*** Records supplied
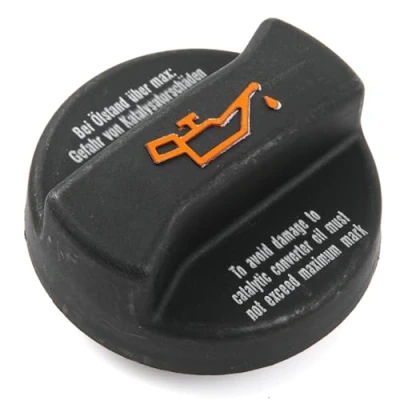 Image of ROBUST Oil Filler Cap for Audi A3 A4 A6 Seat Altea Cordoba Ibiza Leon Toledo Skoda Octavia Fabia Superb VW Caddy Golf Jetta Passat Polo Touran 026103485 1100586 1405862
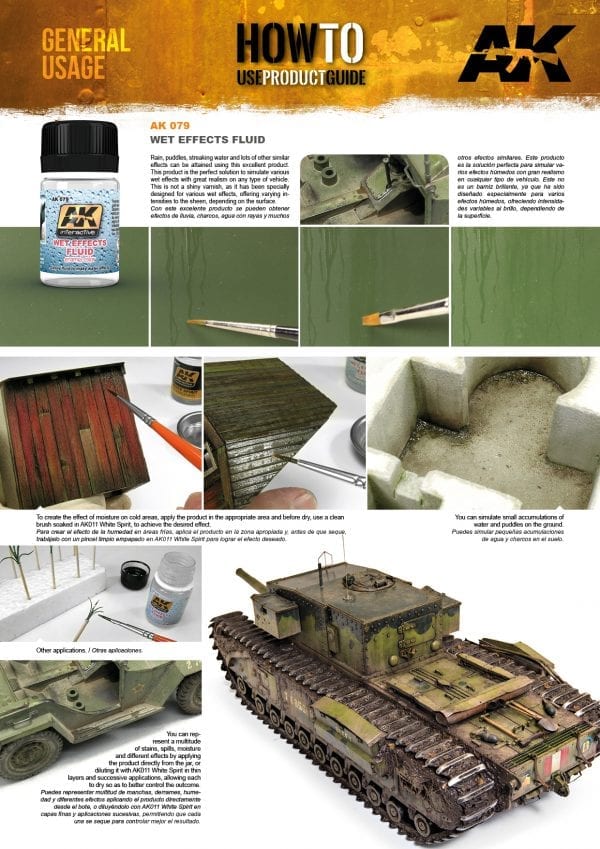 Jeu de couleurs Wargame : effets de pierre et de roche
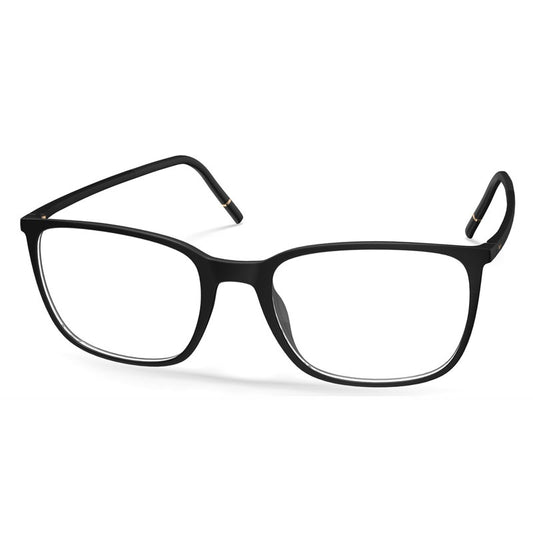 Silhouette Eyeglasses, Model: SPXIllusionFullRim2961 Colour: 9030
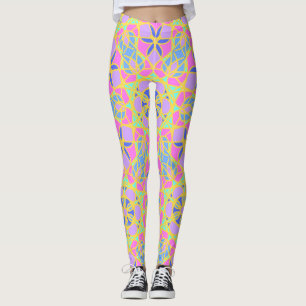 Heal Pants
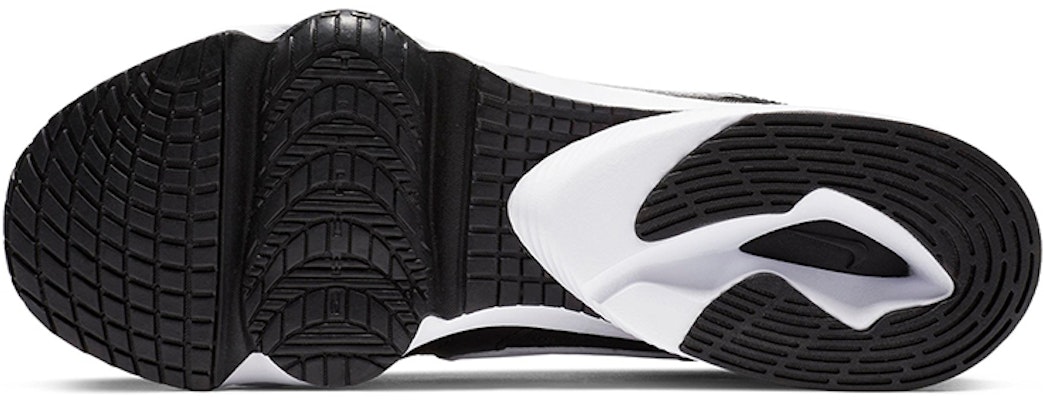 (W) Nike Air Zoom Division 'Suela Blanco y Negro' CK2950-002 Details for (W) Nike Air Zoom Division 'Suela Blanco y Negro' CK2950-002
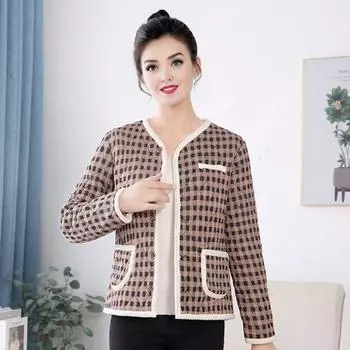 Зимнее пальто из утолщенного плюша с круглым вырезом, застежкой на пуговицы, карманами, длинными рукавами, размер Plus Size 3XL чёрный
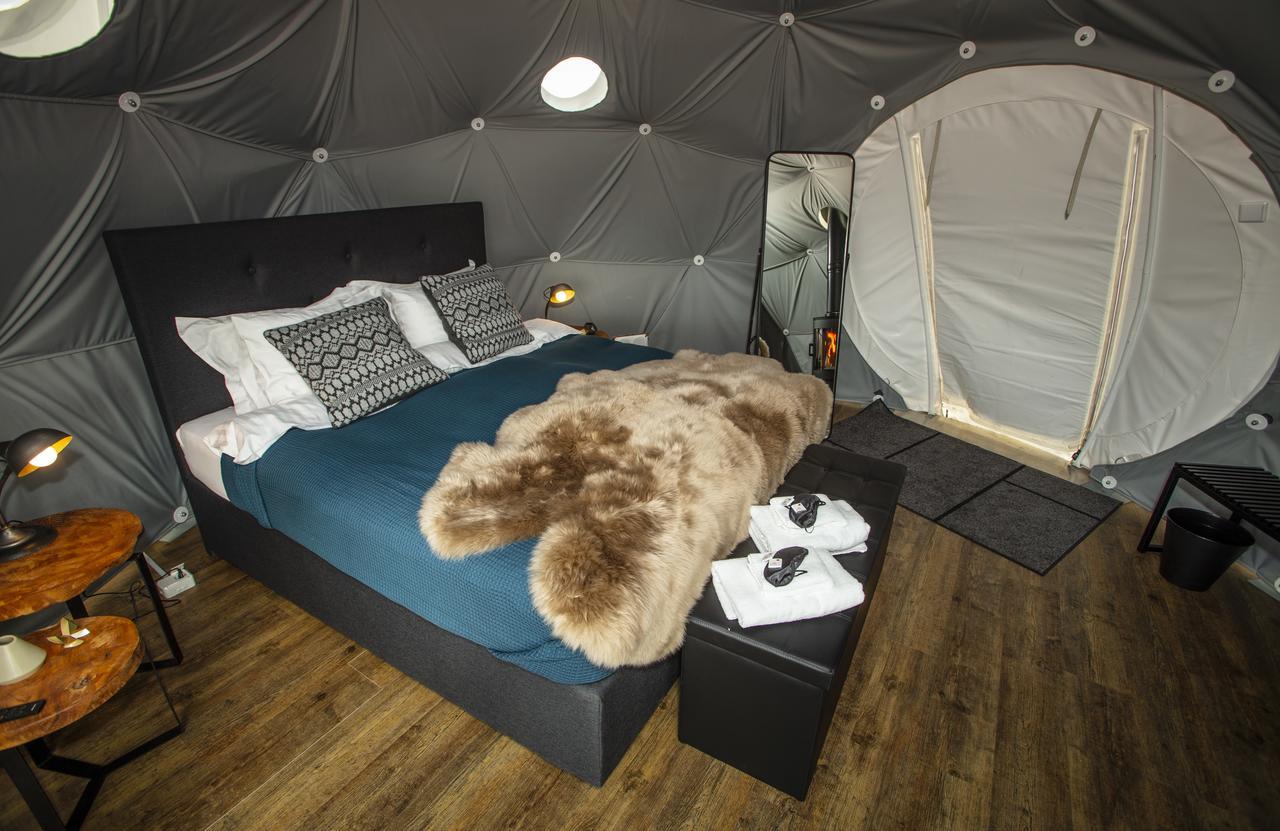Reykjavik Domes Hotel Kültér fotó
******
▶ Work item: Give exactly the lines above that run from the line with "Jeu de couleurs" to the line with "Negro' CK2950-002 Details", both included, leaving every picture out.

▶ Response area:
 Jeu de couleurs Wargame : effets de pierre et de roche
 Silhouette Eyeglasses, Model: SPXIllusionFullRim2961 Colour: 9030
 Heal Pants
 (W) Nike Air Zoom Division 'Suela Blanco y Negro' CK2950-002 Details for (W) Nike Air Zoom Division 'Suela Blanco y Negro' CK2950-002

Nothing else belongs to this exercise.